Bri, even when you don't like the pictures I post, I just keep hearing you like something else, so it's all  good for me 

...and... I thought you are much older and different than your current avatar. You actually look good lol


----------



## mmaria (Oct 19, 2014)

mishele said:


> Well?!!! I wish I could comment on the doors!! I'm stuck staring at your avatar!


well then, why don't you come over and I'll show you everything you need to know about my avatar


----------



## bribrius (Oct 19, 2014)

mmaria said:


> spanishgirleyes said:
> 
> 
> > Love everything about it!
> ...


perhaps. But wouldn't you wonder of the mental sanity of a gentlemen that uses a photo of himself for a avatar with tinted glasses, a pink home made coffee cup and wearing pajamas?


----------



## mmaria (Oct 19, 2014)

bribrius said:


> perhaps. But wouldn't you wonder of the mental sanity of a gentlemen that uses a photo of himself for a avatar with tinted glasses, a pink home made coffee cup and wearing pajamas?

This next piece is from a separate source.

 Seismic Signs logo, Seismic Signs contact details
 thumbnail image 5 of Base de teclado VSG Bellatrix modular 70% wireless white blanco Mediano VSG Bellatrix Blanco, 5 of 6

sorry to break it to you, but your post are way much disturbing than the picture of "a gentlemen that uses a photo of himself for an avatar with tinted glasses, a pink homemade coffee cup and wearing pajamas?"


----------



## Tight Knot (Oct 19, 2014)

Really like the shot, love the textures, lines and pure feel of the image, really makes me want to go and visit the place. My only question is, (and it could be my eyes, not the image) are you sure it is level? It appears ever so slightly tilted to the counter-clockwise. Maybe a 1/2 degree rotation to the right ?


----------



## mmaria (Oct 19, 2014)

Tight Knot said:


> Really like the shot, love the textures, lines and pure feel of the image, really makes me want to go and visit the place. My only question is, (and it could be my eyes, not the image) are you sure it is level? It appears ever so slightly tilted to the counter-clockwise. Maybe a 1/2 degree rotation to the right ?


that was tough, leveling I mean. I did it several times just because nothing seemed right... I did it again, and you may be right


----------



## Tight Knot (Oct 19, 2014)

mmaria said:


> Tight Knot said:
> 
> 
> > Really like the shot, love the textures, lines and pure feel of the image, really makes me want to go and visit the place. My only question is, (and it could be my eyes, not the image) are you sure it is level? It appears ever so slightly tilted to the counter-clockwise. Maybe a 1/2 degree rotation to the right ?
> ...


But, then again, I may not be


----------